[HN Gopher] What's New in ClickHouse 21.12
       ___________________________________________________________________
        
       What's New in ClickHouse 21.12
        
       Author : nnx
       Score  : 111 points
       Date   : 2021-12-16 13:17 UTC (9 hours ago)
        
 (HTM) web link (clickhouse.com)
 (TXT) w3m dump (clickhouse.com)
        
       | tonyhb wrote:
       | I can't speak highly enough of Clickhouse. Since 20.x, which was
       | already one of (the?) fastest column store databases around, it's
       | gotten even better:
       | 
       | - Built-in replication without the need to run Zookeeper, with
       | multi-tier sharding support. They rewrite the ZK protocol using
       | multi-paxos within CH itself.
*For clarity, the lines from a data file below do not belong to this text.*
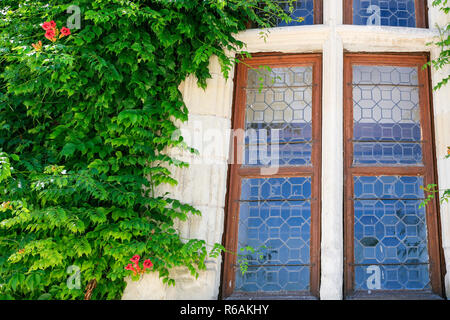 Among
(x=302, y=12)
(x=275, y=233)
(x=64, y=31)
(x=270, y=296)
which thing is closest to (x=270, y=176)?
(x=275, y=233)

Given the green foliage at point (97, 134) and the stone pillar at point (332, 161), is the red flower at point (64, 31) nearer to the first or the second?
the green foliage at point (97, 134)

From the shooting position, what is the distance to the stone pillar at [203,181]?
3.30 metres

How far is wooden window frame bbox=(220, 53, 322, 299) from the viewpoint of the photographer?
135 inches

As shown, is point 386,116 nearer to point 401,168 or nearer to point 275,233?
point 401,168

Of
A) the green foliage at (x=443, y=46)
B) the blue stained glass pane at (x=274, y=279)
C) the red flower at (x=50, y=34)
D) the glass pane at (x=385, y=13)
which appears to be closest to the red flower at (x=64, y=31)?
the red flower at (x=50, y=34)

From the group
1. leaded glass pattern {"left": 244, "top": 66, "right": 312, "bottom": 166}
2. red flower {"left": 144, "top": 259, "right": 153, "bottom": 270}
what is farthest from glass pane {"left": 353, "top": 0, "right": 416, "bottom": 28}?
red flower {"left": 144, "top": 259, "right": 153, "bottom": 270}

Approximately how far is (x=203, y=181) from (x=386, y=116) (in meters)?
1.31

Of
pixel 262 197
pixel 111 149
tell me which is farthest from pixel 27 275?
pixel 262 197

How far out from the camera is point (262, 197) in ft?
11.8

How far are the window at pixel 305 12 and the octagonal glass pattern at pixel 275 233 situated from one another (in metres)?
1.17

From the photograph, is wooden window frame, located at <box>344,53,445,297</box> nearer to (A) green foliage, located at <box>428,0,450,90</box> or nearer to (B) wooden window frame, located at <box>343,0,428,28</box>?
(A) green foliage, located at <box>428,0,450,90</box>

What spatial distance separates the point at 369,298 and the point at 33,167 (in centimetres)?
216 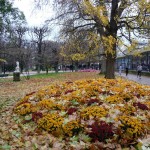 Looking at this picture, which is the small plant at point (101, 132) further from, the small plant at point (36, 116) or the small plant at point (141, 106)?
the small plant at point (141, 106)

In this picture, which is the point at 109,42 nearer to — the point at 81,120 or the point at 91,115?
the point at 91,115

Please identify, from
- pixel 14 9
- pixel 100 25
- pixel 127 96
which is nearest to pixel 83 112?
pixel 127 96

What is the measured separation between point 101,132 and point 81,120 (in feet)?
2.64

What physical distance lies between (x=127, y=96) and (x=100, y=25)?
406 inches

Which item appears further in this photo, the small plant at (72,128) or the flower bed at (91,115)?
the small plant at (72,128)

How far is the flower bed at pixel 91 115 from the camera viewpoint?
659 cm

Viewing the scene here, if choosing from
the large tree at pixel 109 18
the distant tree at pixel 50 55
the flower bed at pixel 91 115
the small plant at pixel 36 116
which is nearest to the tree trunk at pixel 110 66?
the large tree at pixel 109 18

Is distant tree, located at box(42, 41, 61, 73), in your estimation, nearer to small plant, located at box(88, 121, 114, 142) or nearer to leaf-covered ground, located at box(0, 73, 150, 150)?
leaf-covered ground, located at box(0, 73, 150, 150)

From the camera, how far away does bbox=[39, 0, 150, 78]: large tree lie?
1706 cm

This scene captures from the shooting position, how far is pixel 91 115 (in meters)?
7.51

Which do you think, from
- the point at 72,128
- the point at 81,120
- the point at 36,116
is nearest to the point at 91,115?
the point at 81,120

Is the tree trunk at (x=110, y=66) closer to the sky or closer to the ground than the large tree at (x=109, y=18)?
closer to the ground

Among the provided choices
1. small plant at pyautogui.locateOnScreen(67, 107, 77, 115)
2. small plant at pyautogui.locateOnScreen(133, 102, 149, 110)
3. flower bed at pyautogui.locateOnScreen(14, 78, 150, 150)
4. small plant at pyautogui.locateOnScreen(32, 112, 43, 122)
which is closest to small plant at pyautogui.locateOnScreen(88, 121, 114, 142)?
flower bed at pyautogui.locateOnScreen(14, 78, 150, 150)

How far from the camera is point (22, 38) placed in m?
63.8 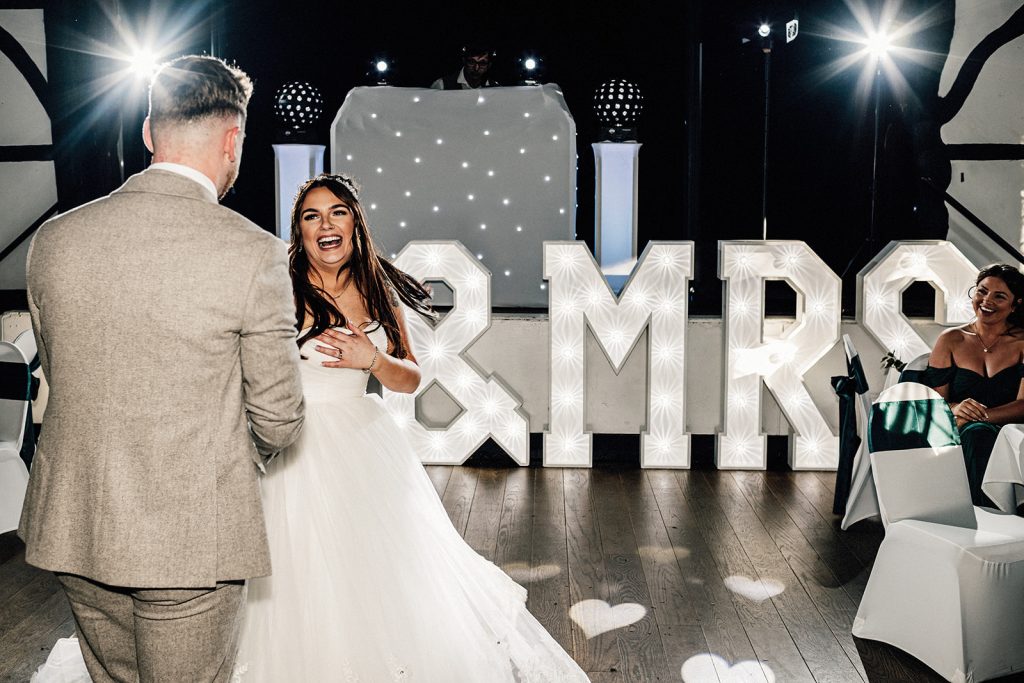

It's great.
       | 
       | - Built-in batch inserts via the HTTP protocol... sorry, TCP :(.
       | Previously you'd have to batch using buffer tables, proxies, or
       | in-memory buffering within your client apps. This is no longer
       | needed!
       | 
       | - Better support for external data formats (avro, parquet)
       | 
       | It's just... so good.
        
         | MrBuddyCasino wrote:
         | > Built-in batch inserts via the HTTP protocol
         | 
         | Very welcome. We used to do that with a dedicated app.
         | 
         | > It's just... so good.
         | 
         | What Postgres is for RDBMs and SqlLite for embedded, ClickHouse
         | is for time series. Tastefully designed and driven by
         | engineering excellence. I wish them all the best.
        
         | dunkelheit wrote:
         | > Built-in replication without the need to run Zookeeper, with
         | multi-tier sharding support. They rewrite the ZK protocol using
         | multi-paxos within CH itself. It's great.
         | 
         | AFAIK this description is kind of misleading. When they say
         | that they got rid of Zookeeper people expect that they can just
         | connect clickhouse nodes to each other and the replication will
         | work. But that is not how things work - you still have to run
         | external service called clickhouse-keeper. Basically what they
         | did is they rewrote Zookeeper in C++.
        
           | mr-karan wrote:
           | Fwiw, Clickhouse Keeper _can_ be run as an external daemon if
           | you wish so. But it's packaged with the server binary itself,
           | so once you add <keeper_config> to all your server nodes,
           | you're good to go, without running anything else.
        
           | tonyhb wrote:
           | You can run clickhouse-keeper embedded in the server, though.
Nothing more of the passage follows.